FCC Chairman Tom Wheeler Tuesday met with public interest groups to talk about his agency plans, according to some of those public interest groups, and included his pledge of support for an open Internet and hit on other general themes.
It was described by attendee Harold Feld of Public Knowledge as a good, frank discussion but long on high-level generality and short on specifics.
Those generalities included his pitch for a "Fourth Network Revolution" to transition traditional circuit-switched telephony to IP delivery and his push for unlocking consumer handsets — he has asked CTIA: The Wireless Association and its members to voluntarily allow unlocking or face possible regulation, generally positions he has already made clear.
But, according to Feld, Wheeler he did say he recognized that the FCC needs to collect more data to know what was going on in the industry, in particular with regard to minority ownership, said one attendee. He said that was something the agency needed to focus on. He said he wanted to make sure of diversity not only in the media context, but in the IP transition to insure that the minority communities are not passed by.
"We welcome Mr. Wheeler to the FCC and stand ready to support him in the tough policy decisions he will have to make to ensure that consumers have numerous choices of telecommunications providers and the Internet remains open and affordable for every community," said Sascha Meinrath, director of the Open Technology Institute and VP of the New America Foundation. Meinrath had been a fairly harsh public critic of the Wheeler appointment, so his presence and positive takeaway are meaningful, said Feld.
Others present included representatives of Free Press, Consumers Union, the Consumer Federation of America, the Minority Media & Telecommunications Council, The Leadership Council on Civil Rights, the United Church of Christ, NAACP and several others.
To insure such a line of communications with those and other groups, Wheeler named Gigi Sohn, former president of public interest group Public Knowledge, to be his special counsel for external affairs. She was also there, as were other top Wheeler staffers, but on the FCC side only the chairman spoke, according to Feld.
Feld called it a meet and greet and high-level briefing, likening it to compulsories in figure skating, "where you are graded on not screwing up. Wheeler has gone through his compulsories, and I would say he has done a good job of not screwing up."

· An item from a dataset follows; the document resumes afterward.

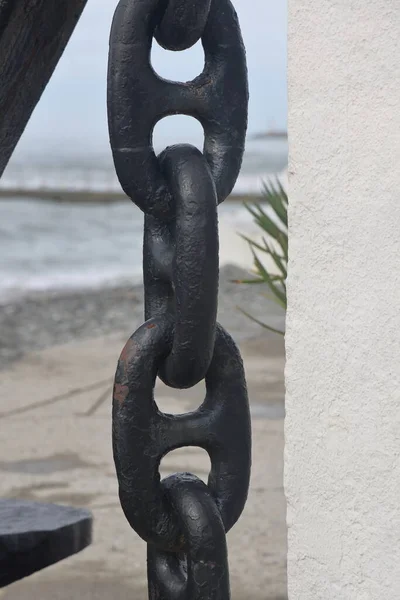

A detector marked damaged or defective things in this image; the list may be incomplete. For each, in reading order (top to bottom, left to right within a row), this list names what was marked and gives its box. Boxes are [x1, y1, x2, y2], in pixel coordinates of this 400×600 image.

rusty spot on chain [113, 384, 129, 408]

Both acting chairwoman Mignon Clyburn and former Chairman Julius Genachowski had similar meetings, Feld notes. He also pointed out that Wheeler said he was planning to meet with trade association representatives the same day.

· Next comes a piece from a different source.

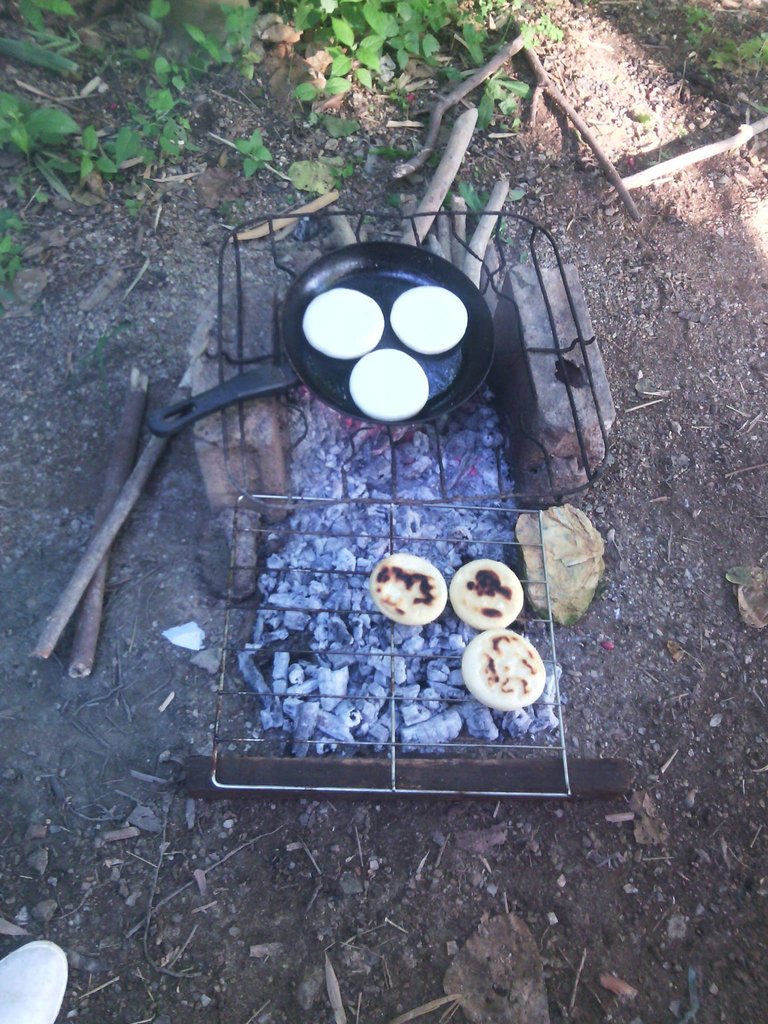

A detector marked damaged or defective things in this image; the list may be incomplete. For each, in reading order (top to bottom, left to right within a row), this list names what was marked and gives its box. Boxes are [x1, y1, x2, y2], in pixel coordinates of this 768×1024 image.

According to Feld, Wheeler acknowledged that there were some in the group who were doubtful of his credentials as a regulator who would put consumers first — he is a former lobbyist for the cable and wireless industries. But he said it was important for him to recognize that competition sometime requires regulation to promote it.
Wheeler said he remembered when he had been on the opposite side of the desk from the chairman trying to make his case. He said he was interested in pragmatic results, signaled that his approach [which could be christened the "angels of their better nature approach"] would be to try and get industry to move voluntarily but recognizing that that "was not always going to happen."
Several of the public interest group representatives brought up key issues they want the FCC to be mindful of, including diversity, a request that Wheeler get out of Washington more often, and, for Feld's part, concerns about making data more available, particularly on mergers.
He said there was no talk about specific proceedings. "It was a good conversation in the sense that nothing bad happened, but nothing earth-shattering," he said.